[The Japan Times]
Gli elettori italiani sperano che questa sia la “terza volta buona” per Silvio Berlusconi. Infatti il magnate dei mass media italiano, uno degli uomini più ricchi al mondo, è quasi sempre fortunato. Ma qui la vera questione è se il terzo mandato di Berlusconi come Presidente del Consiglio italiano possa essere vantaggioso anche per il suo Paese. Tristemente, ci sono pochi motivi per credere che il nuovo Premier sia pronto a mettere gli interessi della sua nazione al di sopra dei propri e a prendere le decisioni difficili di cui l’Italia avrebbe bisogno.
L’Italia continua ad essere “il malato d’Europa”. Nonostante sia la settima economia mondiale più grande con il suo prodotto di 2.400 miliardi di dollari, è allo stesso tempo il Paese con la crescita più lenta tra le oltre due dozzine di economie avanzate individuate dal Fondo Monetario Internazionale. L’FMI prevede per l’Italia una crescita dello 0.3% nel 2008, considerevolmente al di sotto della media percentuale dell’1.4% delle altre 15 nazioni che usano l’Euro – per il tredicesimo anno consecutivo, l’Italia è rimasta indietro al gruppo preso nell’insieme.
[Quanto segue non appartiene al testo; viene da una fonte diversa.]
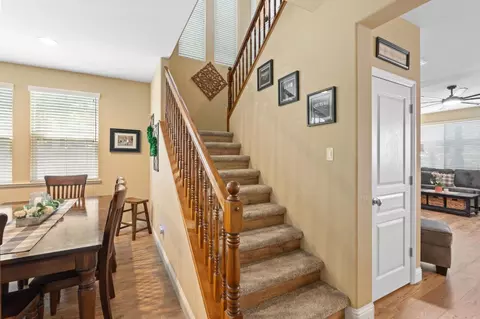 Entry Way - 175 Feverfew St, Manteca, CA 95337 photo 2 of 4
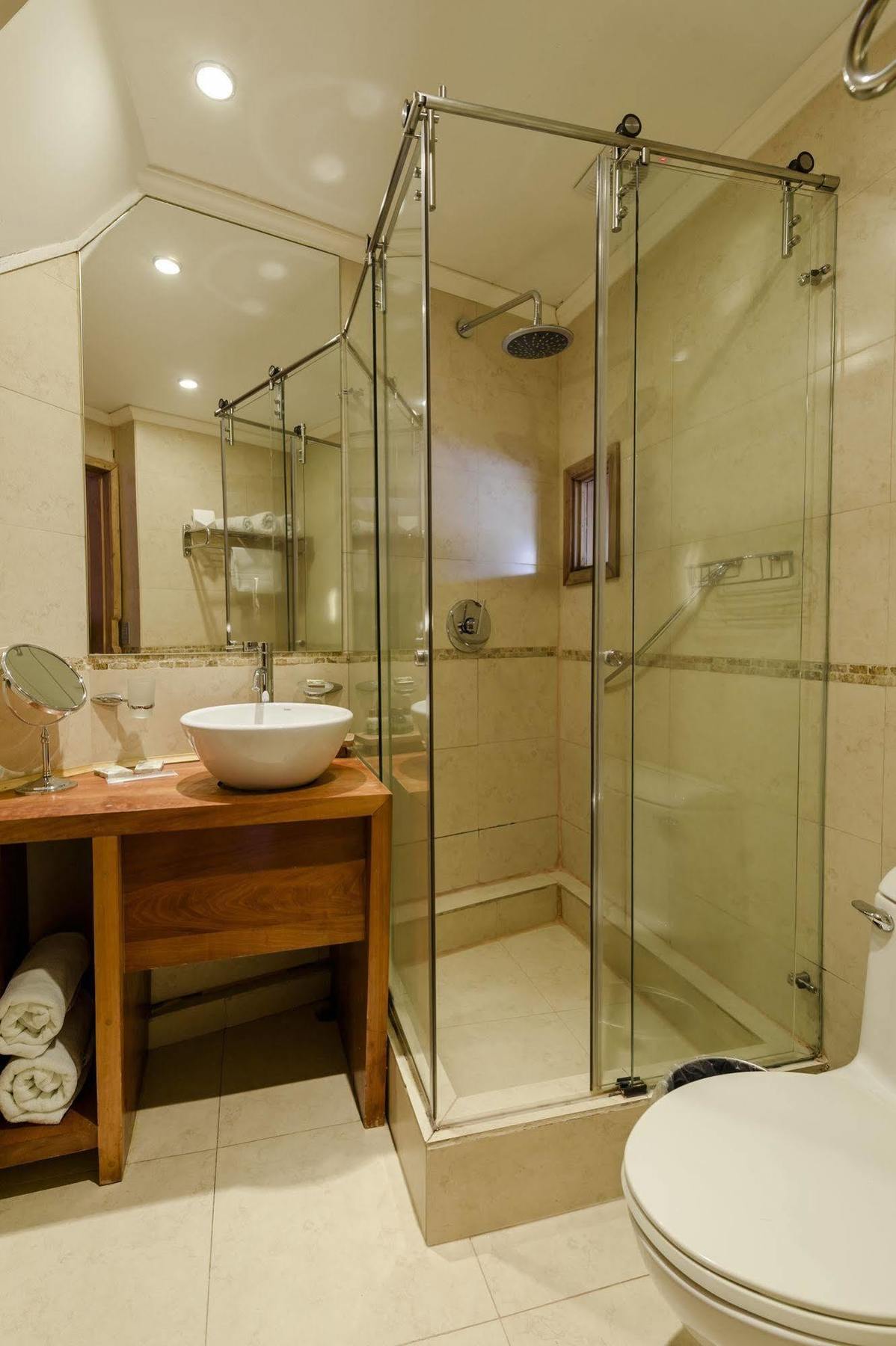 Huilo Huilo Nothofagus Hotel & Spa Puerto Fuy Luaran gambar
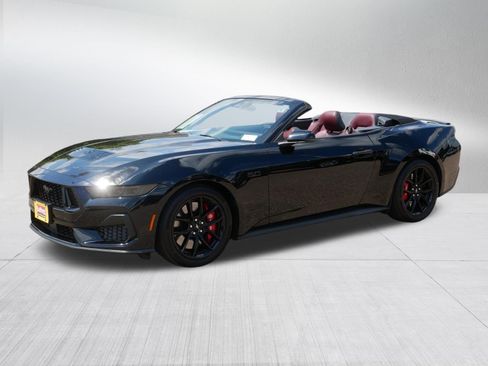 Used 2024 Ford Mustang GT Premium RWD image 3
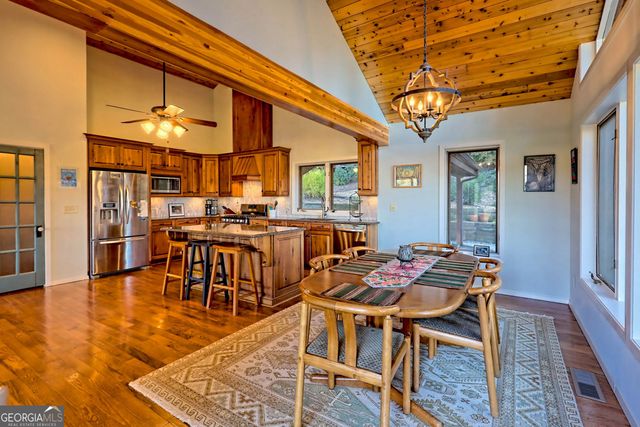 9406 Bridge Creek Road, Tiger, GA 30576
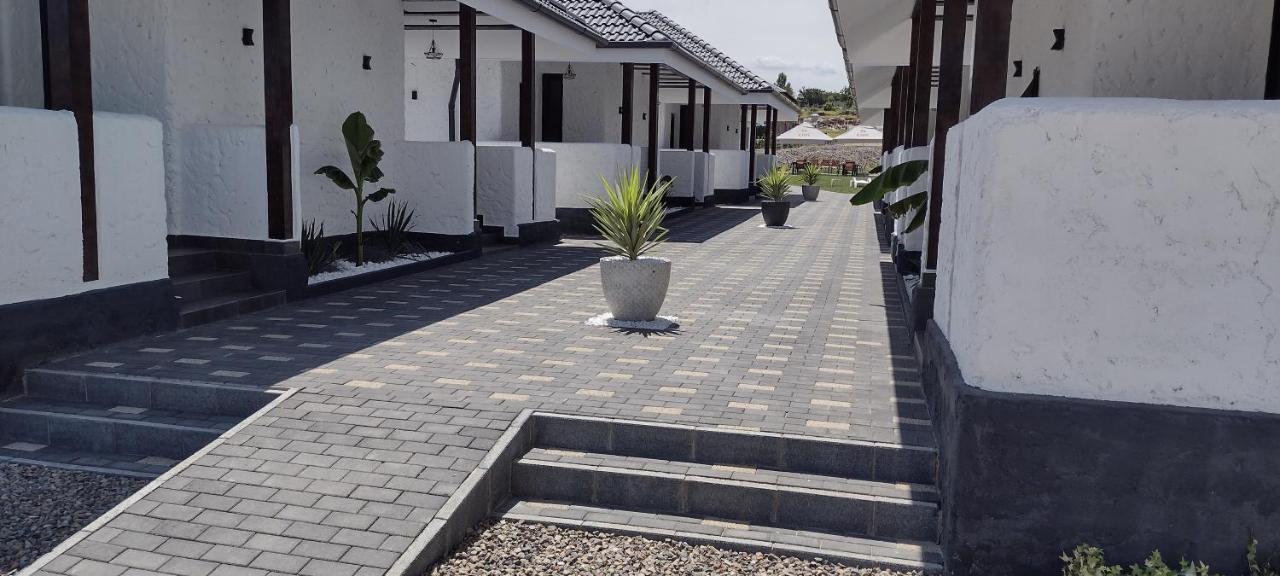 Bungalow Terra Kordu Baile Felix Bagian luar foto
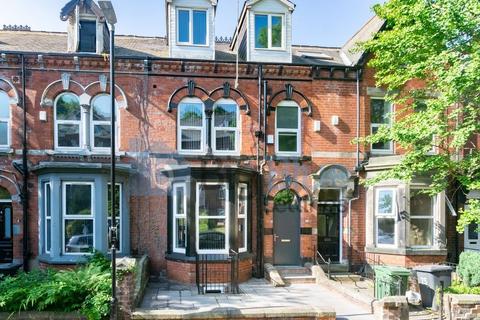 9 bedroom terraced house to rent, Regent Park Terrace, Leeds LS6
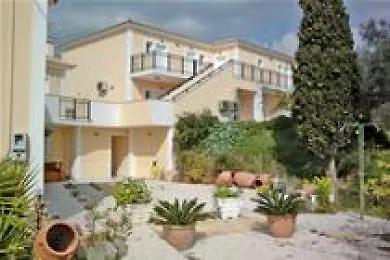 Barbara Studios & Apartments Svoronata Aparthotel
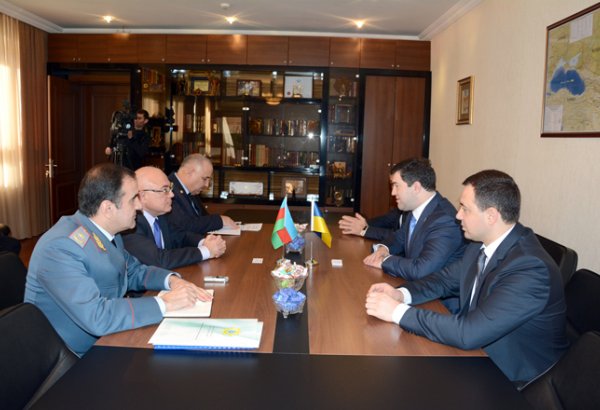 Azərbaycanla Ukrayna arasında gömrük sahəsində əməkdaşlığın genişləndirilməsi müzakirə edilib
Ha il debito nazionale più alto di qualsiasi Paese della zona Euro ed è ultima fra i membri OCSE in quanto a produttività del lavoro.
Secondo un’opinione diffusa, l’Italia avrebbe bisogno di una riforma strutturale profonda, ma il sistema politico è stato finora troppo fratturato e incastrato in meccanismi d’interesse troppo potenti per permettere ai governi di premere verso un cambiamento serio. Invece, come successo nei precedenti governi Berlusconi, al rallentare dell’economia si è continuato a ricorrere a tagli alle tasse e promesse di nuove spese pubbliche, una combinazione pericolosa. Nei comizi elettorali, Berlusconi ha promesso più o meno le stesse cose.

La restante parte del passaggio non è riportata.